En effet, la présidence de la République, l'Assemblée nationale et le Sénat - ils concentrent, à eux seuls, près de 95 % des crédits - ont décidé de maintenir leurs dotations au niveau de l'année précédente. Cette décision s'inscrit dans la volonté affichée de participer à l'effort national de redressement des finances publiques. Nous pouvons la comprendre, mais devons toutefois en mesurer les implications.

Un gel ponctuel peut en effet être un geste vertueux. Mais un gel répété, reconduit chaque année, devient un signal politique dont les effets cumulatifs fragilisent structurellement les institutions concernées. J'attire notre attention sur ce point : il ne faudrait pas que la sobriété budgétaire, devenue étendard, se transforme malgré elle peu à peu en affaiblissement durable du Parlement et des contre-pouvoirs.

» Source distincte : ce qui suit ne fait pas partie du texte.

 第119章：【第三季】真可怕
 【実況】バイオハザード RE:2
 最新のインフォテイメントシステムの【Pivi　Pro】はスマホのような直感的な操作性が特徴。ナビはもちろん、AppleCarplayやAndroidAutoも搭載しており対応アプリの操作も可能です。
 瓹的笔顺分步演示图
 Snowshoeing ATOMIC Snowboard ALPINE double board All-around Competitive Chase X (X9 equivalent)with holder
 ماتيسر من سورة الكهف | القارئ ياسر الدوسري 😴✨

J'appelle donc à distinguer la discipline budgétaire - d'une certaine façon, elle s'impose à tous - de la tentation d'une « concurrence d'affichage » entre institutions, dans laquelle chaque acteur chercherait à démontrer sa vertu en renonçant à une revalorisation presque indispensable à son fonctionnement. Cette course à la modération apparente, si elle se poursuit, ne pourra produire qu'un résultat : une démocratie parlementaire affaiblie, des moyens humains sous tension, et une action institutionnelle bridée.

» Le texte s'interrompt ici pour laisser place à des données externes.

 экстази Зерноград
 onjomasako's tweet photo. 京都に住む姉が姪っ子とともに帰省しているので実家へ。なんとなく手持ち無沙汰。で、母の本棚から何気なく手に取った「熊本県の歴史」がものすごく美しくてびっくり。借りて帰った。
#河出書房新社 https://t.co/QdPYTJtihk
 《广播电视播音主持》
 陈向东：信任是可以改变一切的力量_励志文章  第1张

Venons-en maintenant au détail des dotations, en commençant par la présidence de la République.

La dotation reconduite à 122,6 millions d'euros, pour la troisième année consécutive, n'a été soutenable qu'au prix d'ajustements internes significatifs. Le budget prévisionnel pour 2026, équilibré à 126,3 millions d'euros, repose sur plusieurs leviers : une contraction des investissements, après l'achèvement des chantiers lourds engagés en 2023 et 2024 notamment en matière de transition énergétique et une stabilisation des dépenses de fonctionnement hors activités présidentielles.

Je veux saluer certains efforts très concrets. Le coût moyen des déplacements présidentiels a diminué de manière substantielle, passant de 780 000 euros à 545 000 euros en un an, pour les déplacements internationaux. Ces résultats illustrent une réelle capacité d'optimisation, notamment grâce à la réduction de la taille des délégations et à une meilleure anticipation logistique.

Pour autant, la progression continue des dépenses de personnel, qui atteindraient 78 millions d'euros en exécution 2025, dépasse les prévisions initiales et fragilise l'objectif de reconstitution de la trésorerie. Celle-ci, tombée à 3 millions d'euros en 2023 alors qu'elle atteignait 22 millions d'euros en 2017, n'a pu être relevée que marginalement. Ce faisant, l'institution est vulnérable à des aléas budgétaires majeurs, pour lesquels aucune marge de sécurité réelle n'existe plus aujourd'hui.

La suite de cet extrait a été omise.